Coldstream Farms, a 3,500-cow dairy in Deming, will be the first dairy farm in the state to install filtration technology that turns cow manure into clean water. The system was turned on this month.

The system was developed by Regenis, a subsidiary of Ferndale-based Andgar Corporation. This pilot project is being funded in part by a $930,305 grant from the Washington State Conservation Commission. This technology, while widely used in Europe, has yet to catch on in American dairy farms, Eric Powell, business development director for Regenis, said.

Regenis builds sustainable agriculture technology — specializing in anaerobic digester systems, but also works to build waste treatment and water conservation systems for farms.

“We have been working with various stages of water treatment for a while,” Powell said. If this pilot program proves successful, Regenis hopes to sell the system to dairy farms around the country.

At most dairy farms, manure from the cow barn goes through a primary separation to remove the large solids. Sometimes those large solids are composted and used for bedding for the cows. The liquid is stored, usually in a lagoon or other holding tank. During the dry season, farmers can apply that liquid to their fields, which fertilizes the grass that’s then fed to the cows.

With this new system, the manure will go through additional steps of filtration, first removing all fine solids, then even finer stages of filtering. The end result is clean water, and a concentrate of all the nutrients that were in the original manure.

“You have the same amount of nutrients,” Powell said. “Just in a smaller form, that can be taken out and applied to the field.”

This has the potential to solve a number of problems for the farmer.

Since there’s less volume, farmers don’t have to worry as much about the capacity of their lagoon, especially during the rainy months, when they’re not allowed to use the nutrients on their fields. This concentrate is also easier and cheaper to transport.

At Coldstream Farms, volume of manure is a significant problem.

“We don’t have a nutrient problem,” Galen Smith, co-owner and dairy operations manager of Coldstream Farms said. “We have a rainwater problem.”

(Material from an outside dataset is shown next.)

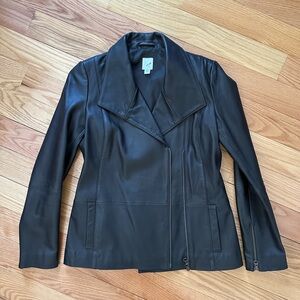 100% Genuine Leather Asymmetrical Zip Jacket ✨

Because of its location, the farm gets a significant amount of rain — nearly 20 more inches per year than Bellingham does. That water goes into the lagoons in the winter months, while farmers can’t use it on crops. To help with storage, the farm has to give some of its manure to nearby farms, which have extra lagoon capacity. Those neighbors then use that manure on their own crops, which Coldstream buys back to feed to its cows.

Then during growing season, Coldstream has to buy commercial fertilizer to spread on crops, because it doesn’t have enough manure stored up.

Reducing the volume of manure in its lagoons would make Coldstream Farm much more efficient. The farm sits in a valley — much of its cropland is spread along State Route 9, which means much of the manure has to be transported from the pasture area to the fields.

“We spend a lot of money trucking manure up and down the valley,” Smith said.

The concentrate also has the potential for some new applications.

Powell said that potentially, the bacteria would be removed from the concentrate, which would make it more widely usable on other crops, such as berries and potatoes. Dairy farmers could sell that as fertilizer to other local farmers, who wouldn’t then have to use chemical fertilizers.

“We’re hoping to show that, and have that be part of the benefit for the dairy,” Powell said.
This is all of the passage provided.